Und schließlich war ich sehr dankbar darüber, daß ich in Werner Kristkeitz einen verständnisvollen
und mich aktiv unterstützenden Verleger gefunden hatte und wir das Buch im Jahr 2009 veröffentlichen
konnten.
Aber, alle Dinge sind vergänglich - und so war vor einigen Jahren die Auflage ausverkauft und eine
Neuauflage im Verlag Kritzkeitz nicht realisierbar. Auch fand ich keinen andereren Verlag für das
Hongzhi-Manuskript. Nun gibt es aber in diesem Hongzhi-Buch zwei Gedichte von Chan-Meister Shitou
und zwei Gedichte von Chan-Meister Hongzhi, die mir sehr wichtig für ernsthaft Übende des Chan/Zen
erscheinen und die ich gerne allen Interessierten zur Verfügung stellen wollte. Also habe ich mich
ein wenig mit der Suchfunktion des buddhistischen Kanons
Taishō Shinshū Daizōkyō im Internet
vertraut gemacht, dort die gesuchten Gedichte gefunden und diese direkt aus dem Chinesischen
übersetzt:
Und zu guter letzt hat sich mit Ursula Kogetsu Richard eine Verlegerin gefunden, die sowohl eine
langjährige Verlegerin buddhistischer Literatur, als auch selbst eine langjährige Zen-Praktizierende
ist und nun eine wunderbare Neuauflage der Übersetzung von Taigen Dan Leightons schönem Hongzhi-Buch
realisiert hat.
Dafür bin ich zutiefst dankbar!
Meine große Dankbarkeit gilt aber nicht zuletzt auch
Prof.
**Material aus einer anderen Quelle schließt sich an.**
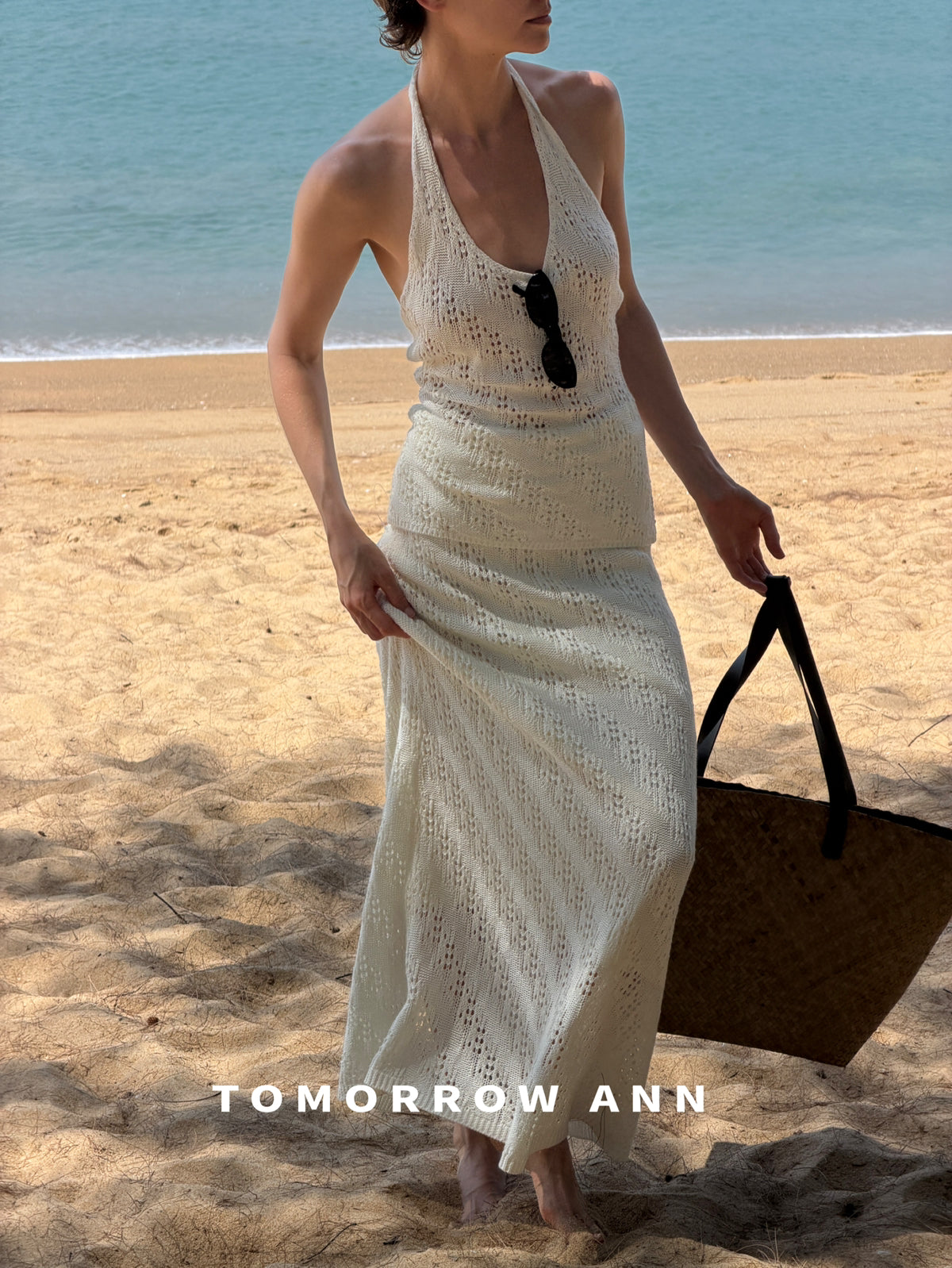 TOMORROW ANN Early Spring High-Waist Elegant Slimming A-Line Maxi Skirt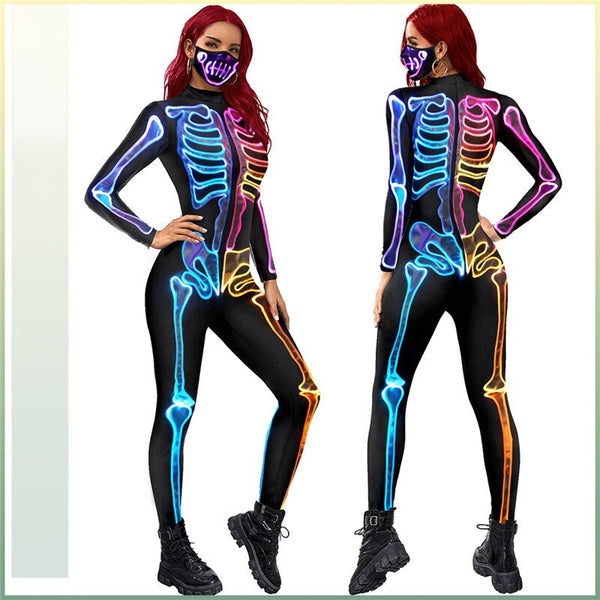Halloween Cosplay Costumes Scary Gothic Style Skeleton 3D Printed Bodysuit Breathable Long Sleeves Jumpsuit Unisex Fashion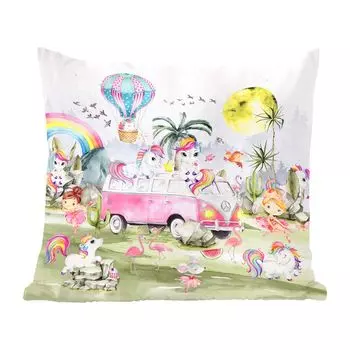 Декоративная подушка MuchoWow, диванная подушка, декоративная подушка для гостиной, 60 х 60 см, единорог, радуга, дети, девочки, автомобиль, чехол на подушку, хлопчатобумажная ткань, декоративные чехлы на подушки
Chengji Zhang (1920-1988).
Sein Name schreibt sich in der Wade-Giles phonetischen Umschrift: Ch'eng-chi Chang.
Es handelt sich also um den Autor Garma C.C. Chang der oben beschriebenen Mahamudra-Fibel.
Prof. Zhang war ein bedeutender buddhistischer Gelehrter und er war als Philosoph ein Spezialist der
buddhistischen Huayen-Philosophie, wie sie im Avatamsaka-Sutra überliefert ist.
Er lebte und lehrte seit 1950 an US-amerikanischen Hochschulen. Es ist mir gelungen
Kontakt mit der Familie Zhang in den USA aufzunehmen und mit ihrer Unterstützung einen würdigenden
Beitrag über Prof. Zhang zu verfassen und in der deutschen und in der englischen Wikipedia zu
publizieren. Mit einer tiefen Verbeugung und in Dankbarkeit - m.b.s.